Don Jon: written and directed by Joseph Gordon-Levitt; starring Joseph Gordon-Levitt (Jon), Scarlett Johansson (Barbara), Julianne Moore (Esther), Tony Danza (Jon Sr.), Glenne Headly (Angela) and Brie Larson (Monica) (2013): A surprisingly witty and accomplished first outing as a writer-director-star for Joseph Gordon-Levitt. The studio marketed Don Jon as some sort of obscene laugh-riot last summer; it isn't. It's a comic drama about how cultural fictions can overwhelm an unquestioning consumer, leaving him or her either eternally unsatisfied or the eternal unsatisfier.
Joseph Gordon-Levitt is the eponymous Jon. Despite being a smooth operator when it comes to getting sex in the form of one-night stands, his greatest sexual satisfaction comes when he watches porn.
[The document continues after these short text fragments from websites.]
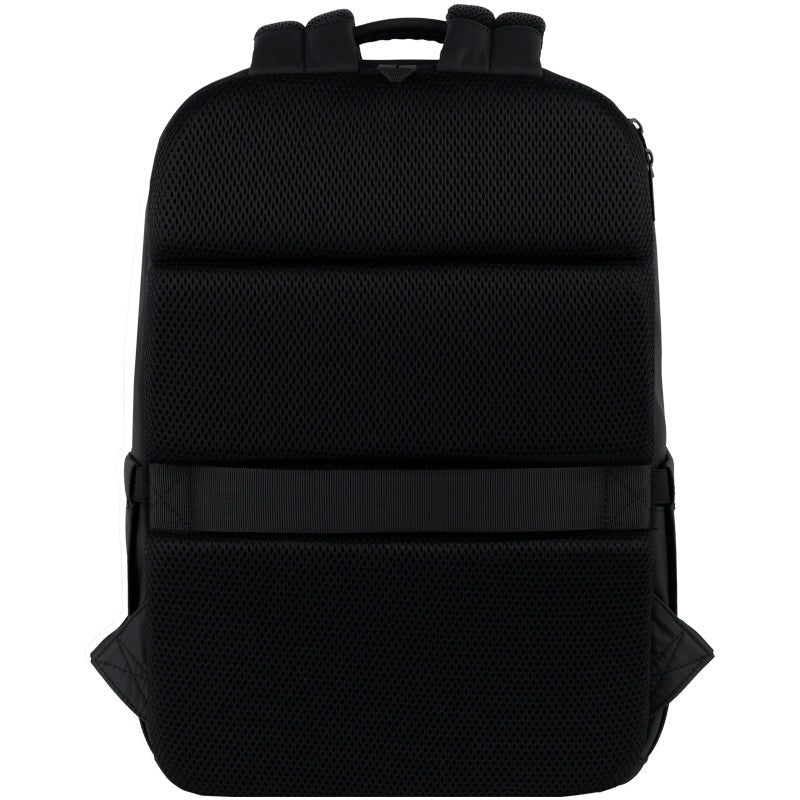 Backpack GoPack Teens GO26-150L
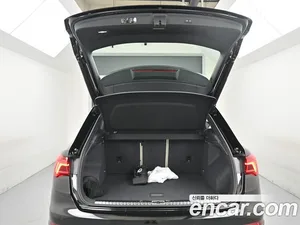 Audi Q3, 2026 — миниатюра 20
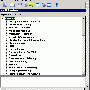 cd0310_menue_simulieren.gif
But he does form a relationship with Scarlett Johansson's Barbara. However, she's only satisfied if she can get her love life to fit the formula of the dreadful romantic comedies she devours as ravenously as Jon does money shots and DP's.
Almost everyone else in the movie appears to be isolated in their own little fictional world as well, to the detriment of both communication and happiness, or at least personal fulfillment. Jon's mother agitates for him to get married and have children. His father espouses the central importance of family even as he ignores his in favour of the Jets game on TV.
Jon's friendship with an older woman in his night-college class (Barbara coerces him into taking the class so he can improve himself and become a white-collar worker) eventually shakes things up, along with an assist from porn and Jon's desire to clean his own apartment, a desire Barbara decries as unmanly and demeaning in one of the more uncomfortably funny scenes in the movie.
Don Jon may be a bit too schematic, and its ending comes in a rush (ha ha). But it left me wanting more, not less, and I'll be interested to see what Gordon-Levitt comes up with next. Recommended.